→ TASK TO COMPLETE
Nothing but a verbatim copy of the data, minus the images, should be returned.

→ STORED DATA
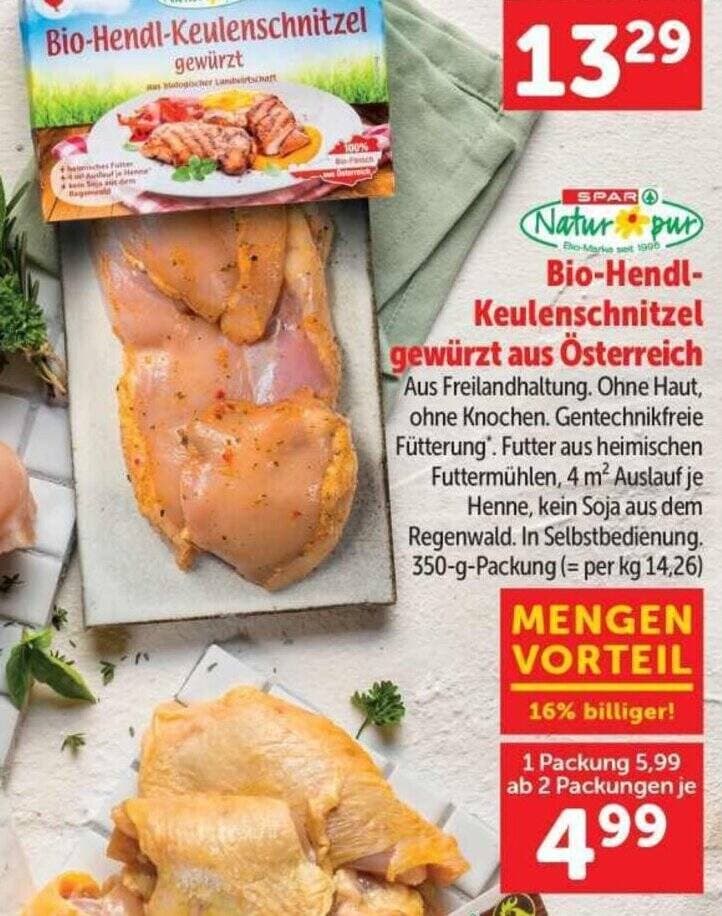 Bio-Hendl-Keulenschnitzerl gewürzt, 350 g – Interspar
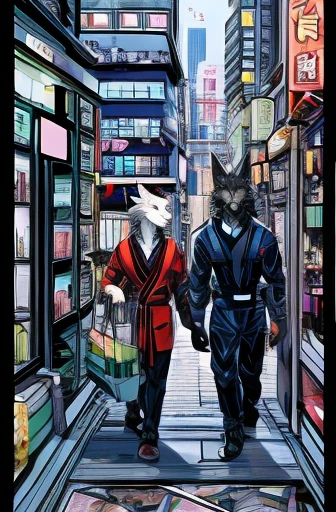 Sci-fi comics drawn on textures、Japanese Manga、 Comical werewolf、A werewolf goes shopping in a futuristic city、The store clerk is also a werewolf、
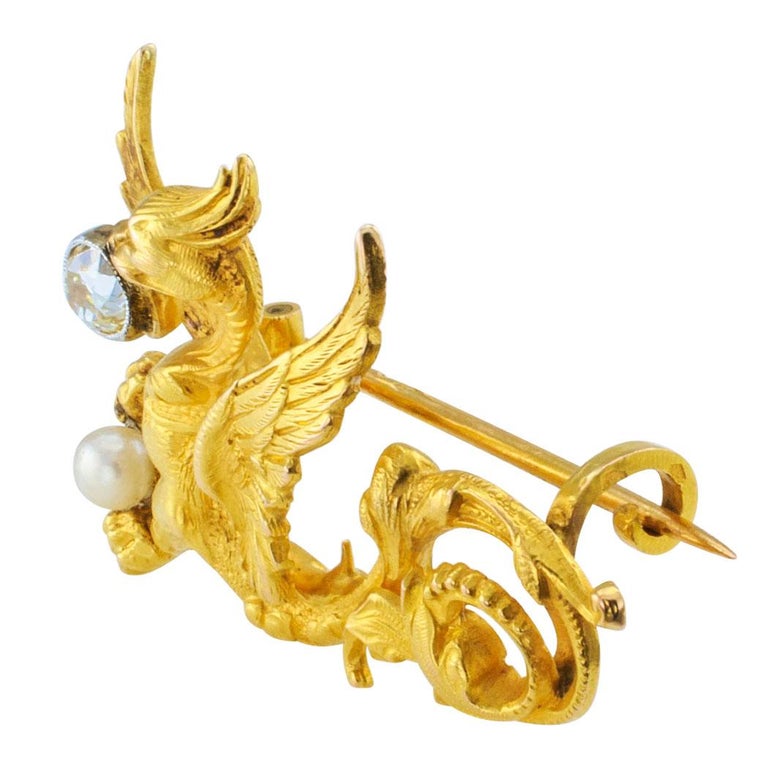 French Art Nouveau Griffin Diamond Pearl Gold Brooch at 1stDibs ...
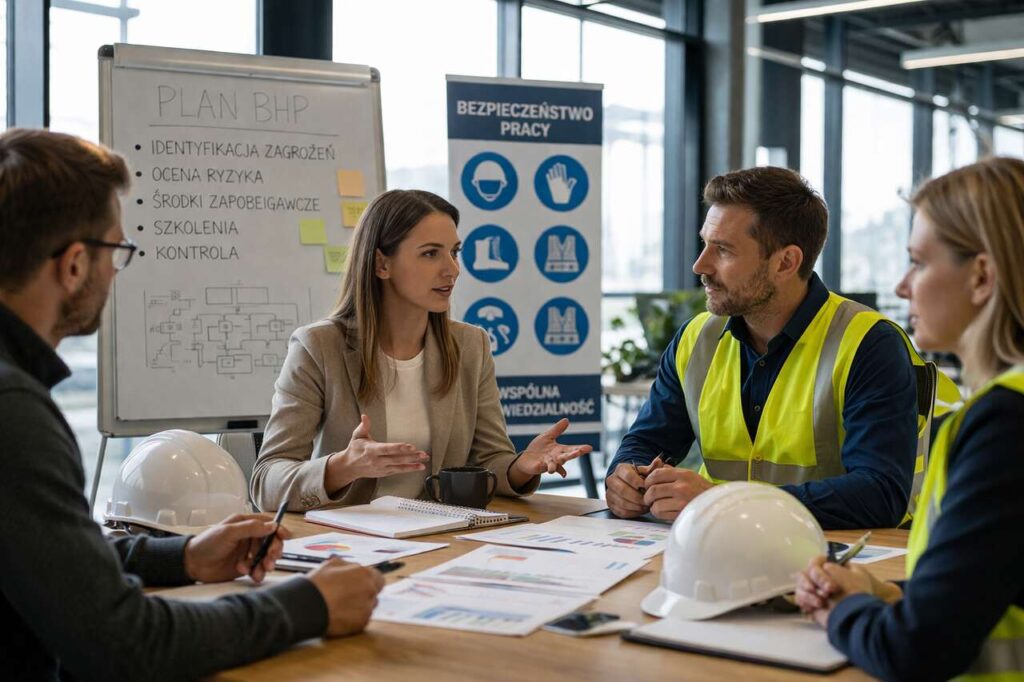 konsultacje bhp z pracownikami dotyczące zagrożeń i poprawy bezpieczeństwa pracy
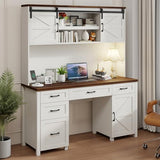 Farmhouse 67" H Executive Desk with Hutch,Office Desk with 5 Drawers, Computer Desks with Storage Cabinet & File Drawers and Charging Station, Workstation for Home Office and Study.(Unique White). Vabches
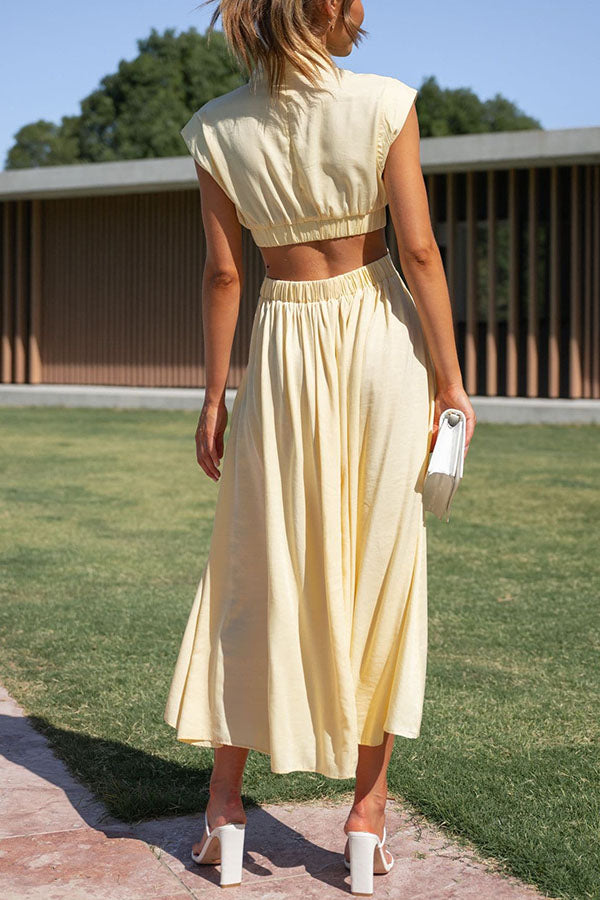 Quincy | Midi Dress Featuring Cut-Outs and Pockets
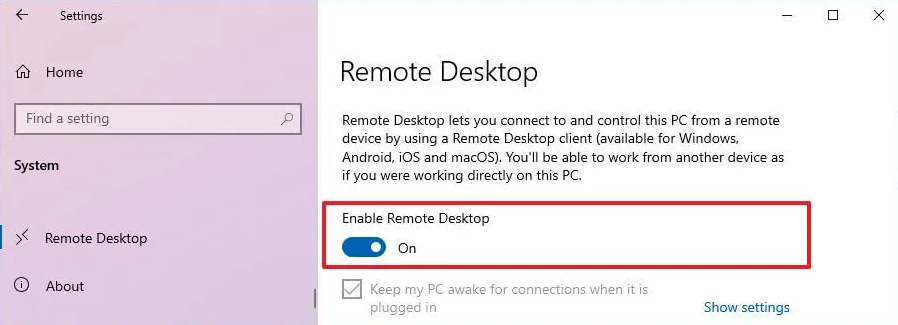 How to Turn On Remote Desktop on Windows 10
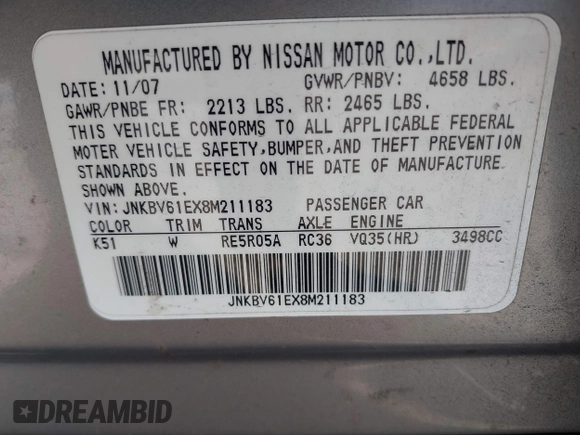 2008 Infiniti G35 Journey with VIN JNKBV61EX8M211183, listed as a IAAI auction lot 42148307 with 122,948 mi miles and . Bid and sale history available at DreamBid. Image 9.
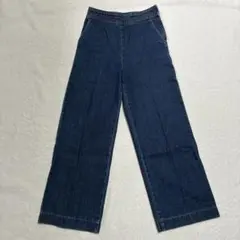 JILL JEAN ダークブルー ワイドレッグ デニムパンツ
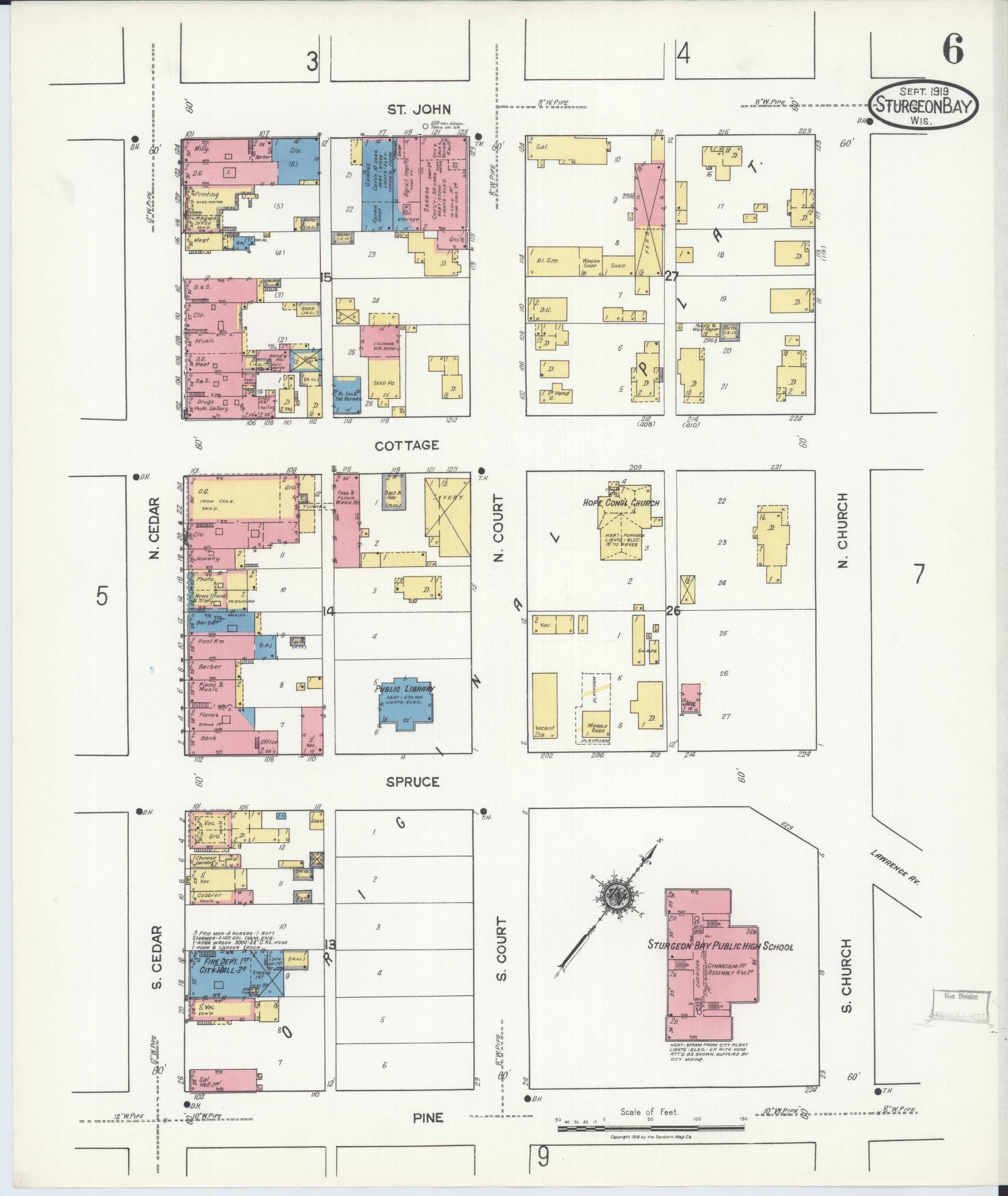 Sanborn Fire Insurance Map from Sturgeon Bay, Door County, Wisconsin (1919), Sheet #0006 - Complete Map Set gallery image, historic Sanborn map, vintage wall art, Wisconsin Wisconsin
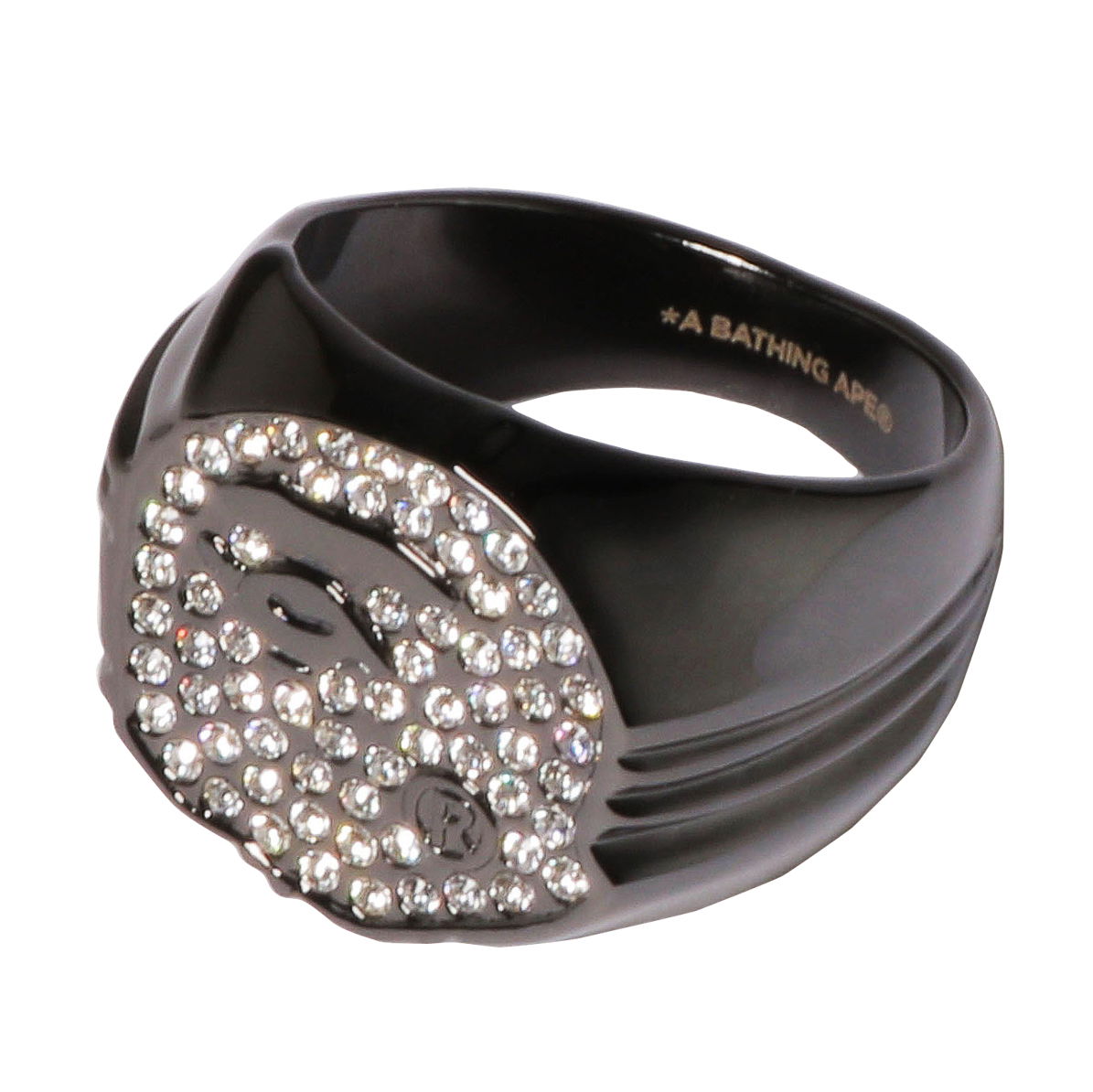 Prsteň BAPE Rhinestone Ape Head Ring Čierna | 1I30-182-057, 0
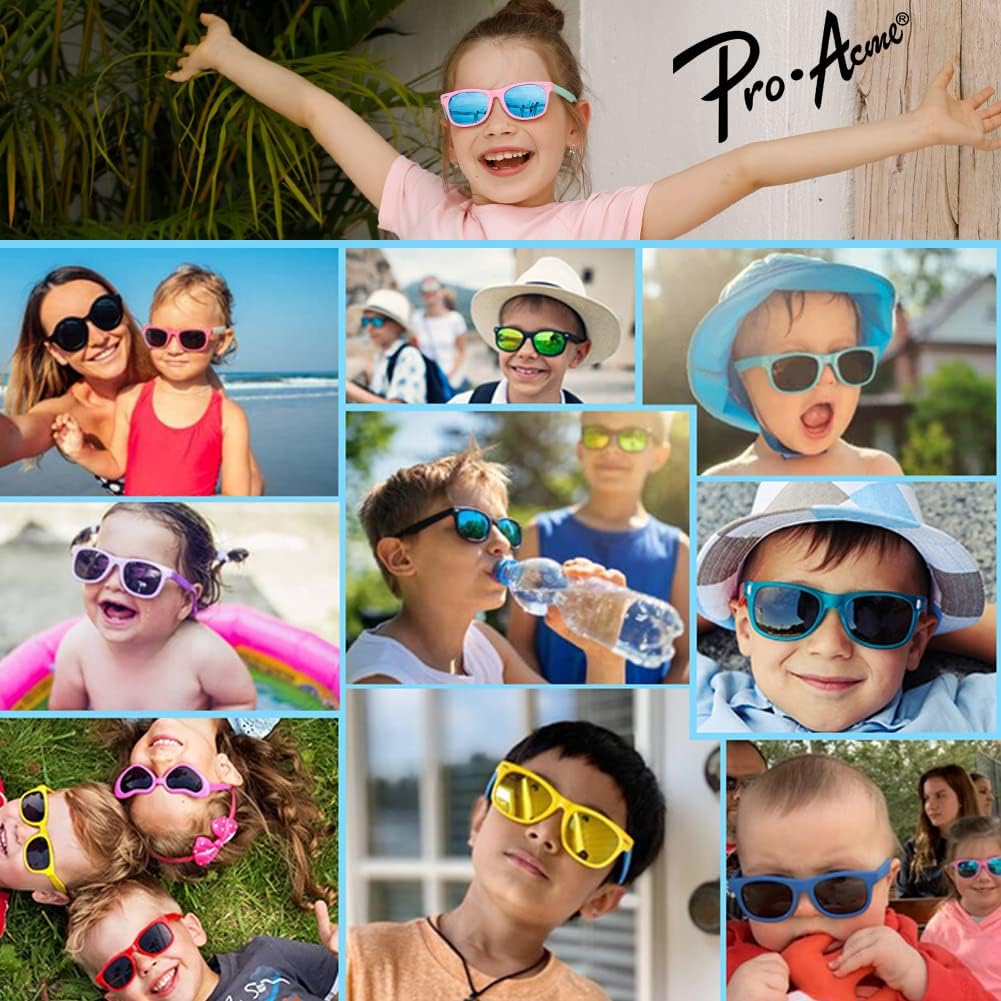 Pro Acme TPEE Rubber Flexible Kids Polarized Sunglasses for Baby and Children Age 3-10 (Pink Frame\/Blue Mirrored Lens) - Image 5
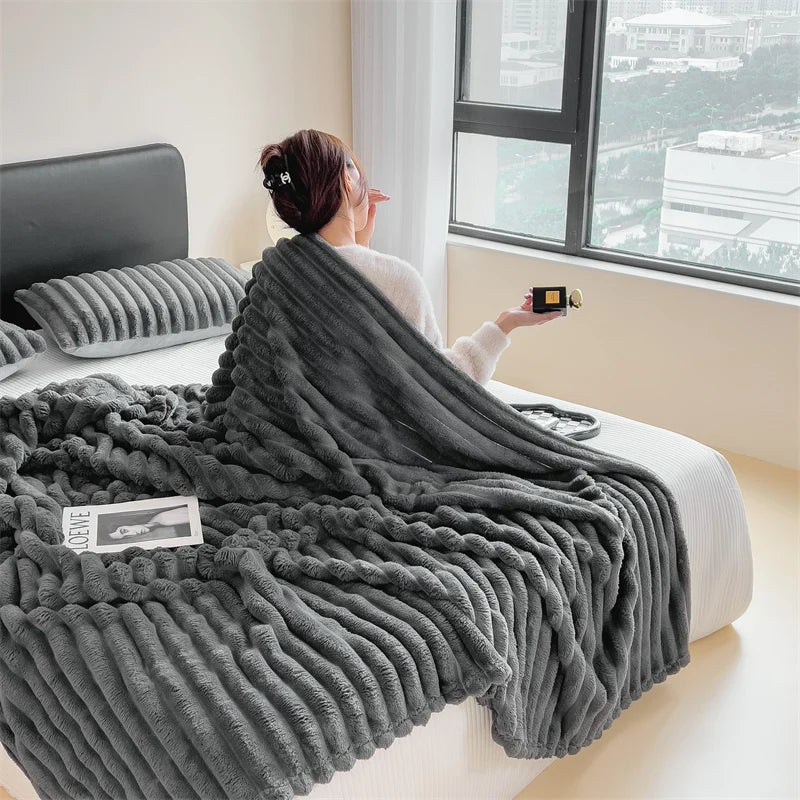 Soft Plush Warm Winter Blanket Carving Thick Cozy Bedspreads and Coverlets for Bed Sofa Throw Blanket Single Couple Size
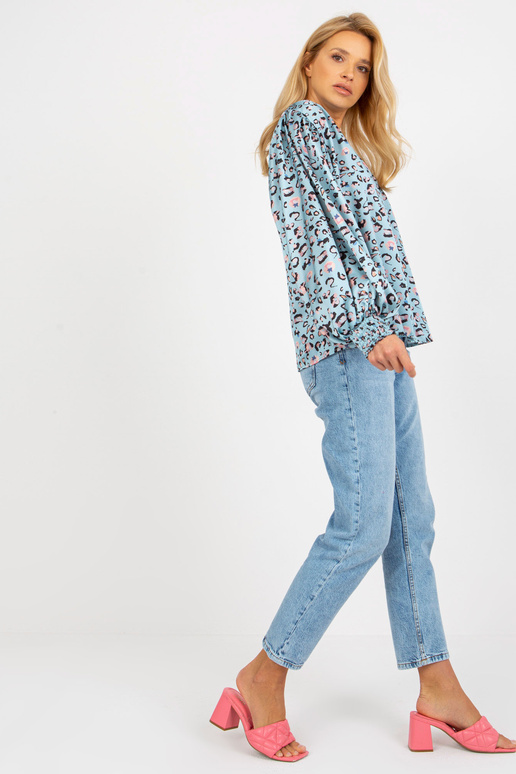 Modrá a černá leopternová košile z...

→ YOUR SOLUTION
 Bio-Hendl-Keulenschnitzerl gewürzt, 350 g – Interspar
 Sci-fi comics drawn on textures、Japanese Manga、 Comical werewolf、A werewolf goes shopping in a futuristic city、The store clerk is also a werewolf、
 French Art Nouveau Griffin Diamond Pearl Gold Brooch at 1stDibs ...
 konsultacje bhp z pracownikami dotyczące zagrożeń i poprawy bezpieczeństwa pracy
 Farmhouse 67" H Executive Desk with Hutch,Office Desk with 5 Drawers, Computer Desks with Storage Cabinet & File Drawers and Charging Station, Workstation for Home Office and Study.(Unique White). Vabches
 Quincy | Midi Dress Featuring Cut-Outs and Pockets
 How to Turn On Remote Desktop on Windows 10
 2008 Infiniti G35 Journey with VIN JNKBV61EX8M211183, listed as a IAAI auction lot 42148307 with 122,948 mi miles and . Bid and sale history available at DreamBid. Image 9.
 JILL JEAN ダークブルー ワイドレッグ デニムパンツ
 Sanborn Fire Insurance Map from Sturgeon Bay, Door County, Wisconsin (1919), Sheet #0006 - Complete Map Set gallery image, historic Sanborn map, vintage wall art, Wisconsin Wisconsin
 Prsteň BAPE Rhinestone Ape Head Ring Čierna | 1I30-182-057, 0
 Pro Acme TPEE Rubber Flexible Kids Polarized Sunglasses for Baby and Children Age 3-10 (Pink Frame\/Blue Mirrored Lens) - Image 5
 Soft Plush Warm Winter Blanket Carving Thick Cozy Bedspreads and Coverlets for Bed Sofa Throw Blanket Single Couple Size
 Modrá a černá leopternová košile z...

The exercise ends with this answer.